Datacast Episode 41: Effective Data Science with Eugene Yan
The 41st episode of Datacast is my conversation with Eugene Yan — an Applied Scientist at Amazon. Give it a listen to hear about his educational background in psychology and organizational behavior, his transition to Data Science at IBM, his experience moving up the data science ranks at Lazada Group, his online education via Georgia Tech, his work on machine learning at uCare.ai, his thoughts on agile/scrum development, culture, writing, and much more.
Listen to the show on: (1) Spotify, (2) Apple Podcasts, (3) Google Podcasts, (4) Stitcher, (5) Overcast, and (6) iHeart Radio!
Key Takeaways
Below are highlights from my conversation with Eugene.
On Working at IBM
I joined IBM as a Data Analyst and moved across projects. I first built dashboards and insights for IBM’s supply-chain processes. I then worked on social media analytics, figuring out the social voice for a couple of IBM’s clients. I was also involved with anti-money laundering, helping the big banks to detect those patterns and coming up with combating strategy.
I transitioned to an internal Data Scientist role within IBM’s Workforce Analytics group (thanks to my background in Psychology). I forecasted which jobs would be demand and then used those predictions to build an internal recommendation engine for IBM.
On Working at Lazada Group
I presented my Kaggle project on product classification at a meetup in Singapore. Coincidentally, people at Lazada saw my talk and were working on a similar problem. They gave me a chance to join as a data scientist.
I can’t tell you how many A/B tests I conducted that lost so much money for Lazada, but my colleagues gave me opportunities to fix them. We had better customer experience and product ranking system after those failed A/B tests.
As a senior data scientist, I stopped putting too much investment into the technical details. Instead, I helped scale the team, increase the outputs, design the right practices, and mentor team members. I had many one-on-one meetings to understand people’s career aspirations and find the right projects that align with their motivations. I found pleasure looking at team morale, customer satisfaction, and employee retention.
As a Vice President of Data Science, I was given 9 months to facilitate the migration of Lazada’s tech stack into Alibaba Group’s platform (due to the acquisition). We had the language barrier, as the Alibaba team mostly conversed in Mandarin and most of my team members didn’t speak Mandarin. We worked the 9–9–6 work routine and flew to China twice a week to meet the deadline.

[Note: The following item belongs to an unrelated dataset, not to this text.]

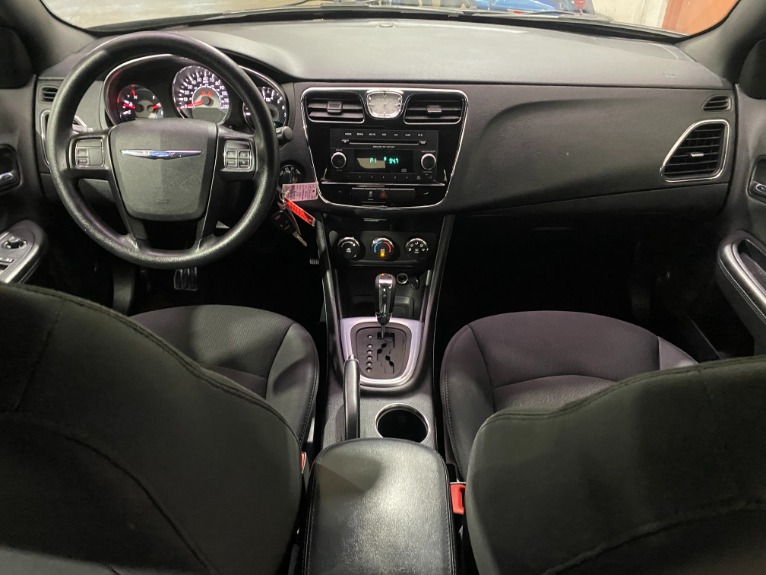 Used-2014-Chrysler-200-LX-FWD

I had a lot of interviews with people in the data science team to understand how to intently design a strong culture. I looked up to Amazon and Netflix as examples. The 5 cultural practices that I emphasized include ownership, collaboration, communication, research and innovation, and impact.
On Pursuing an MS Degree at Georgia Tech
I suffered from chronic imposter syndrome. While I learned a lot about data science and programming on my own via Coursera, I felt like I was lacking the fundamentals and the structured format of schooling. Georgia Tech is really cheap, the professors are world-class, and the program could be completed part-time.

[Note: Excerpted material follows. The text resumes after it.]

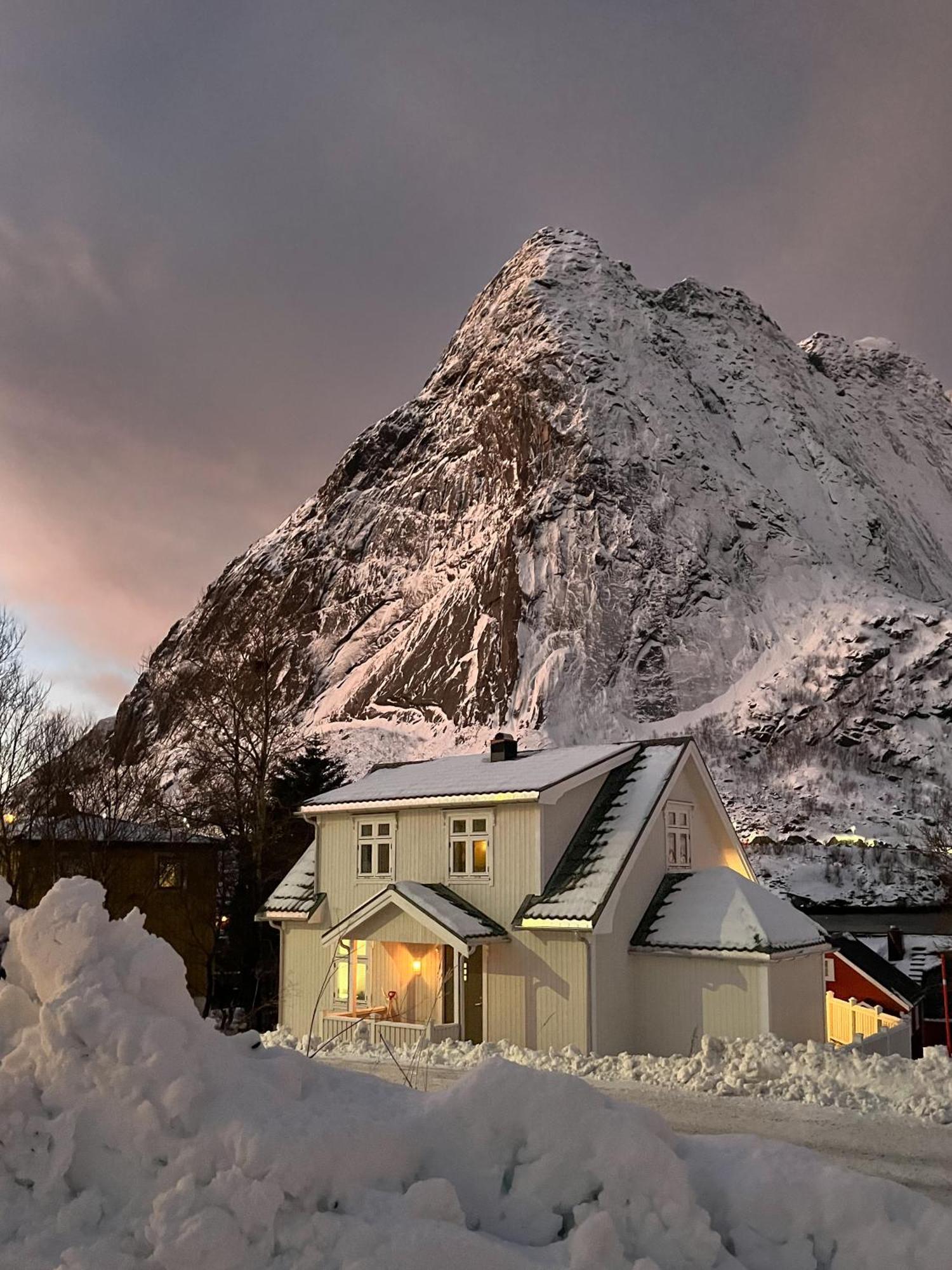 Husly Reine - Your Home With Reinebringen View Exteriér fotografie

In order to study and work simultaneously, I allocated 20–40 hours per week (mostly on weekday nights and weekends) for the lectures and assignments. The video lectures are on-demand, so I can watch them asynchronously. Class participation happened in Slack and forum, which I found to be even better than in-person classrooms.
On Working at uCare.AI
In healthcare, if you use data science to recommend a treatment, suggest a diagnosis, or estimate a hospital bill, your customers want to know the reasons leading to that output. There is a higher bar for model explainability and false positives outcomes.
The financial incentive for data science in healthcare is not yet mature. It is very difficult to change patient behavior and reduce the financial burden for the healthcare system.
On Working at Amazon
In 2019, I wanted to get out of my comfort zone and actively applied for overseas roles. In preparing for interviews, I had some struggle with the live coding component, so I used Leetcode and HackerRank for practice. I had a lot of interviews at odd hours back in Singapore and had to fly overseas to do onsite interviews.
At Amazon, I am working on Kindle to help people find books easier via recommendation engines and understand user intent via natural language processing.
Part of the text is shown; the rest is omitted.